Four Antidotes To Procrastination
As a counsellor, procrastination is something I help clients to overcome, often as part of enhancing their confidence in their capabilities more generally. But this article briefly describes my approach to procrastination specifically, in hopes it will also help other people.
Procrastination is finding ourselves avoiding taking action we know is important, not doing That Thing, whatever it might be, that seems too difficult, too emotionally demanding or utterly unrewarding or some combination of these.
The procrastinator sometimes shies away from examining their feelings too closely but is aware of an emotional resistance to making a start so The Thing remains undone, but not quietly. It continues to broadcast a nagging guilt, looming large in their minds not only as an undone Should-Be-Done but often as “proof” of a negative self-judgement: that they’re lazy, or incompetent, for example.
Procrastination is very different from simply being overloaded or spending too much time on unimportant things. If a task the client feels is important isn’t ever making it to the top of a To Do list than a review of their priorities often helps, perhaps along the lines of the Eisenhower Matrix. It’s not the same as being disorganised, either, although effective planning is a self-management skill I have also helped clients with.
Procrastination is not due to lack of time or inefficiency. Instead emotional blocks and unhelpful beliefs get in the way of taking timely action.

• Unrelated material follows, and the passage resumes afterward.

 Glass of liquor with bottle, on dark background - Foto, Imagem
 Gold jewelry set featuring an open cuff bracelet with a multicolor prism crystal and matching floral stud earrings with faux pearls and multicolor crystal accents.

So how do I try to help? I have four ‘antidotes’ as I call them – each is a shift in perspective that changes an insurmountable ordeal into something achievable. As there are different reasons for somebody to struggle with procrastination not all the four antidotes below will work equally well in every case, but, combined with greater confidence, one of them at least should help. I describe them as:
- Make it Badly
- Make it Tiny
- Make it Matter
- Make it Make You Happy
Antidote 1: Make it Badly
This is the antidote to perfectionism and the internal self-critic, that nasty voice in our heads that gleefully, spitefully, tells us how bad we are at anything, how embarrassing. That especially paralyses making a start on any task where we fear other people’s judgements.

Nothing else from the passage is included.